Datacenters: the foundations of the digital world facing tomorrow’s challenges with Data4
Often invisible but essential, datacenters are the backbone of the digital ecosystem. They concentrate extremely demanding engineering constraints: ensuring around-the-clock service availability, scaling rapidly while maintaining high efficiency, and reducing environmental impact. Marie Chabanon, Chief Technical Officer at Data4, explains how the company builds its technological roadmap to anticipate future transformations and design the datacenters of tomorrow.
Why are datacenters considered the foundations of digital technology?
Datacenters are at the heart of the digital ecosystem. All the applications we use — in hospitals, in companies or at home for smart home devices — rely on these infrastructures.
Data first travels through transport systems — WiFi or physical fiber networks — before reaching a building: the datacenter. Inside, fibers connect to physical servers. The datacenter includes both the servers and the building envelope with all the necessary technical systems: cooling, electricity, and safety devices enabling the servers to run 24/7 even in the event of a failure, ensuring that services remain available at all times for users.
What is your role as a datacenter operator?
At Data4, our role is to design and build the physical and technical environment that enables servers to operate efficiently and securely. We construct the building, integrate the critical infrastructure, and ensure the reliability of systems supporting power, cooling, and connectivity. Once this environment is ready, we rent space and electrical capacity to companies such as cloud providers and IT firms, which then install their own servers inside the rooms. Our business is not about managing data or applications; it is entirely focused on engineering, infrastructure, and operational excellence. We are a technical and industrial operator whose mission is to guarantee a high-performance environment enabling our customers’ technologies to function without interruption.
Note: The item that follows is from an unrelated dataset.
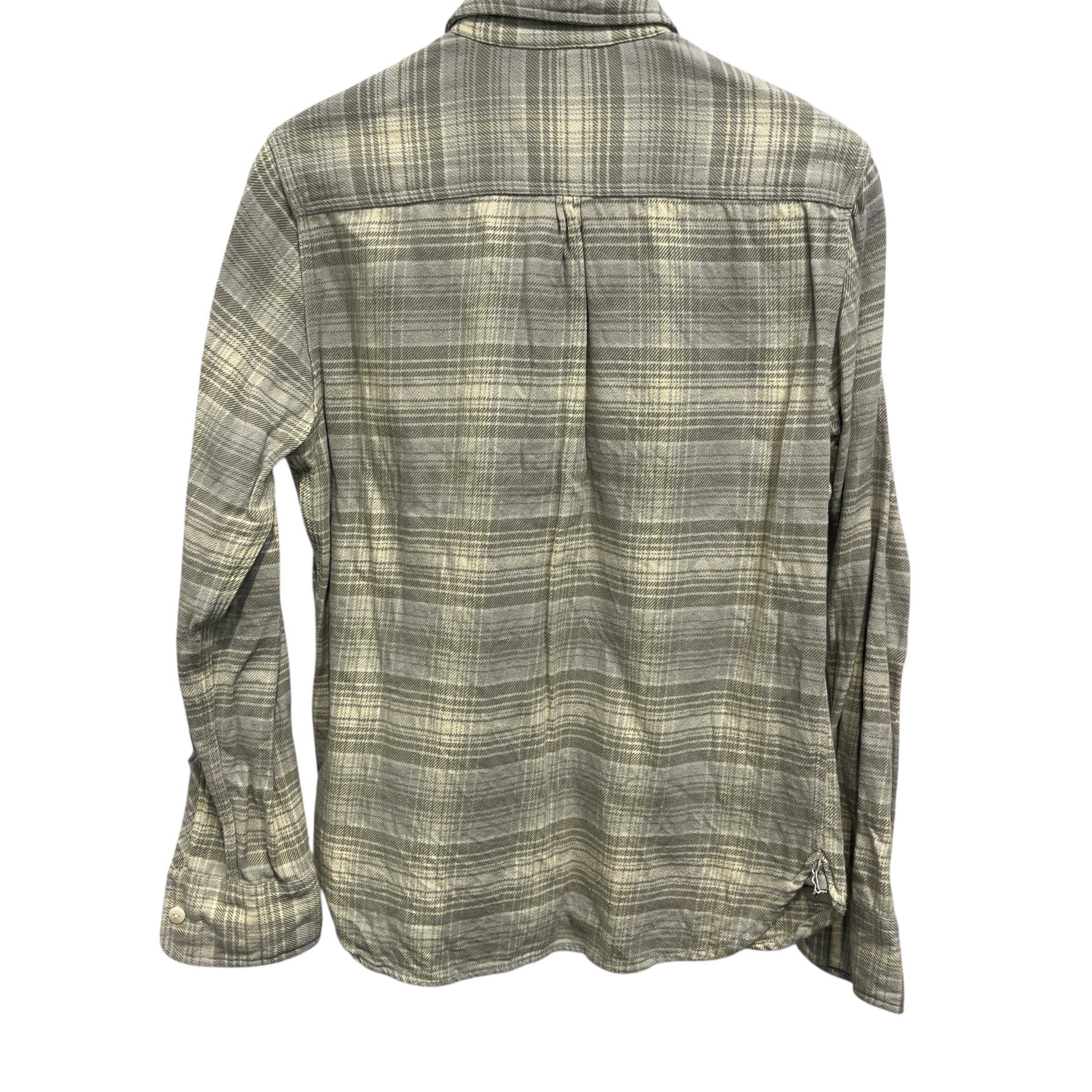 wythe/Flannel Shirt/S/Cotton/CRM/Plaid/ivory button view 2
What are your major daily challenges?
Our daily challenges are primarily technical. To operate properly, a datacenter must benefit from a stable and continuous electrical supply, and it must maintain infrastructures capable of functioning even in the event of a grid failure. While Europe has the advantage of very high-quality electrical networks, this does not diminish the need for constant vigilance. All systems must be maintained in real time to guarantee that services remain operational 100% of the time.
Another major challenge is the availability of skilled professionals. The datacenter market has grown so rapidly in recent years that recruiting, training, and retaining qualified experts and technicians has become increasingly difficult. It is a relatively young sector, and the acceleration of demand has created a real shortage of specialized resources. Ensuring that teams remain competent and well-trained is therefore essential to meet the expectations and reliability standards of our industry.
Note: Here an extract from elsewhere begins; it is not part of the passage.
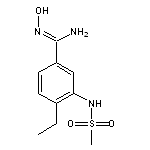 4-ethyl-N’-hydroxy-3-[(methylsulfonyl)amino]benzenecarboximidamide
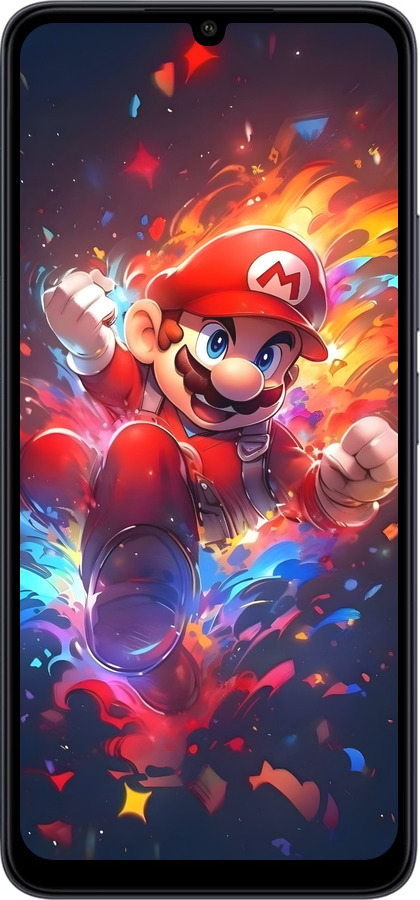 Силиконовый чехол Супер Марио для Xiaomi Redmi 13C - 6342u-3410 изображение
And then, environmental challenges. Digital technology already accounts for 2 to 3% of global electricity consumption and 4% of the carbon footprint, with 16% of that coming from data centers. With the rise of cloud computing and AI, these figures are set to increase. At Data4, we launched a “Data for Good” program as early as 2020 to reduce our impact. We are working on energy efficiency (+25% over 5 years), reducing water usage through closed-loop systems, and setting ambitious goals: carbon neutrality by 2030 for our direct emissions (scopes 1 and 2) and a 38% reduction in scope 3, notably by limiting the impact of concrete in construction.
What will the datacenters of the future look like?
They will be larger, more integrated into electrical grids and cities, and co-developed with cloud actors. The size of datacenters is booming. A few years ago, buildings of 5 MW were typical; today, we talk about 60 MW — infrastructures three times larger.
This growth goes along with a greater integration into cities: for instance, Data4 works on heat recovery to supply eco-districts. Datacenters are becoming key players in urban and energy networks. We envision infrastructures capable of capturing and redistributing heat, using renewable energies, and drastically reducing their environmental footprint. The future of datacenters lies in innovation and collaboration to reconcile digital performance and ecological transition.
SWEN Capital Partners supports the growth of Data4 StableCo
SWEN Capital Partners supports the growth of Data4 StableCo, which groups a portfolio of datacenters located near Paris, Milan and Madrid. Nearly 90% of the capacity is secured by long-term contracts with Tech giants, ensuring stable and predictable revenues. The company holds a leading position in these European markets, with strategic sites in high-demand zones and growth driven by the explosion in cloud and AI needs. It also stands out in terms of sustainability, having incorporated these considerations since its creation in 2006 and set ambitious environmental goals.